### Records supplied
::::::

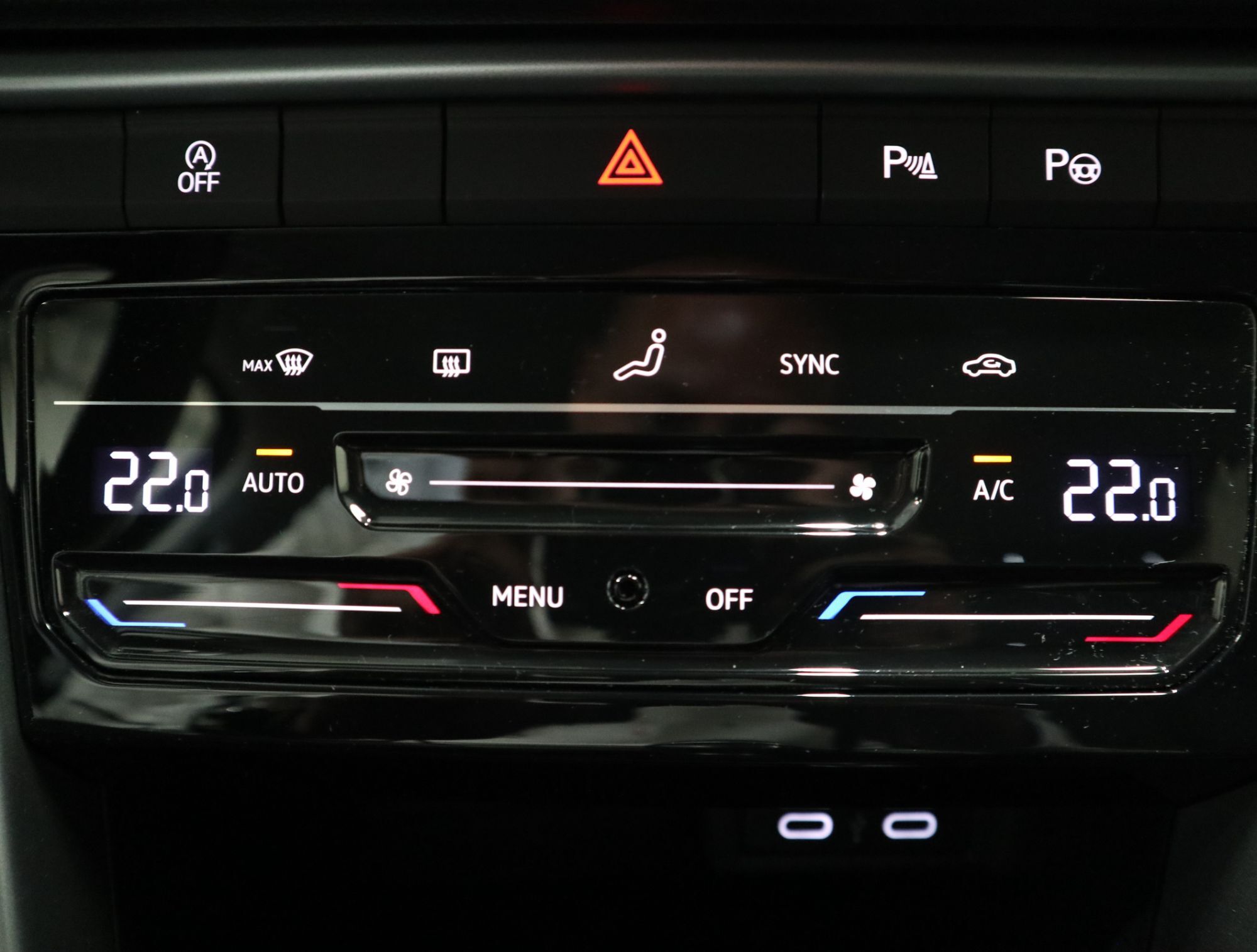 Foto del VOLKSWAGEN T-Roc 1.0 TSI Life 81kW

::::::

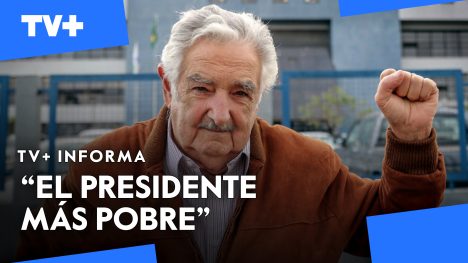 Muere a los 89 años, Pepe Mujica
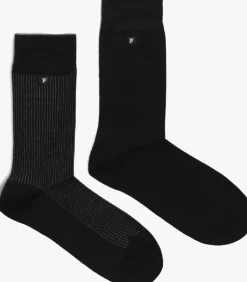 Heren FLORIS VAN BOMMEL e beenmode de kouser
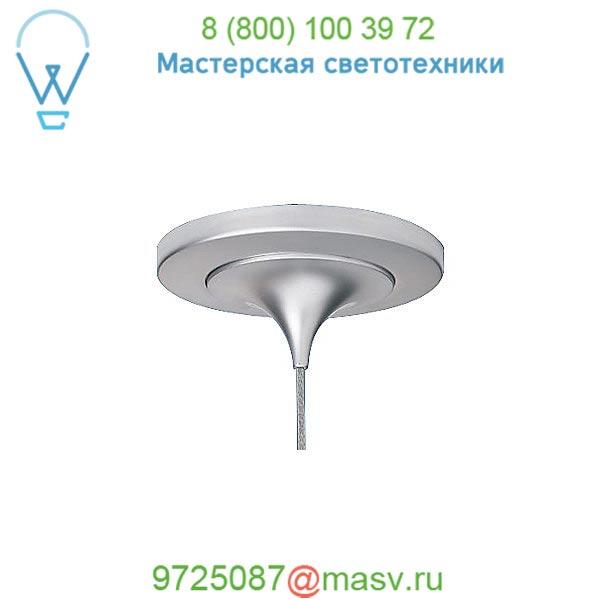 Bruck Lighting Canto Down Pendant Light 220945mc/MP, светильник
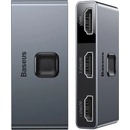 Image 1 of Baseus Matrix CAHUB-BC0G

::::::

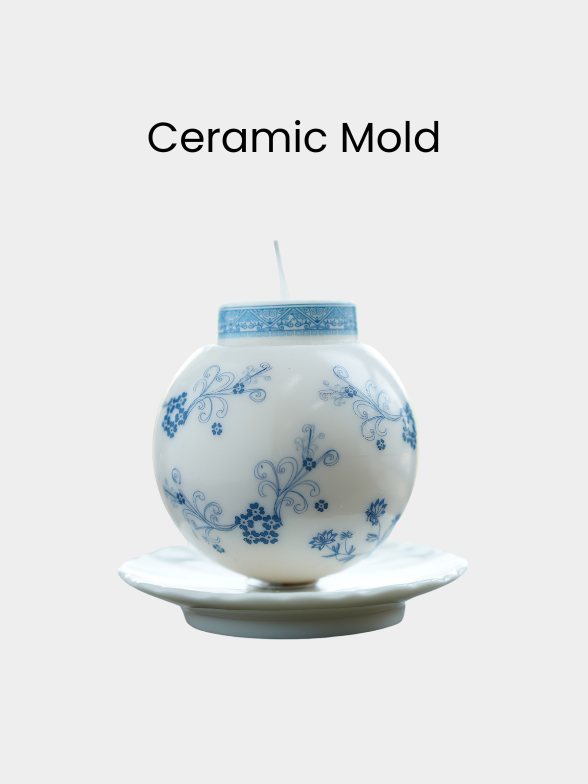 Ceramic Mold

::::::

### Task to complete
Using the data above, print only the lines starting at the one with "Muere a los 89 años, Pepe Mujica" and ending at the one with "Image 1 of Baseus Matrix CAHUB-BC0G", exactly as they stand, minus the pictures.

### Your response
 Muere a los 89 años, Pepe Mujica
 Heren FLORIS VAN BOMMEL e beenmode de kouser
 Bruck Lighting Canto Down Pendant Light 220945mc/MP, светильник
 Image 1 of Baseus Matrix CAHUB-BC0G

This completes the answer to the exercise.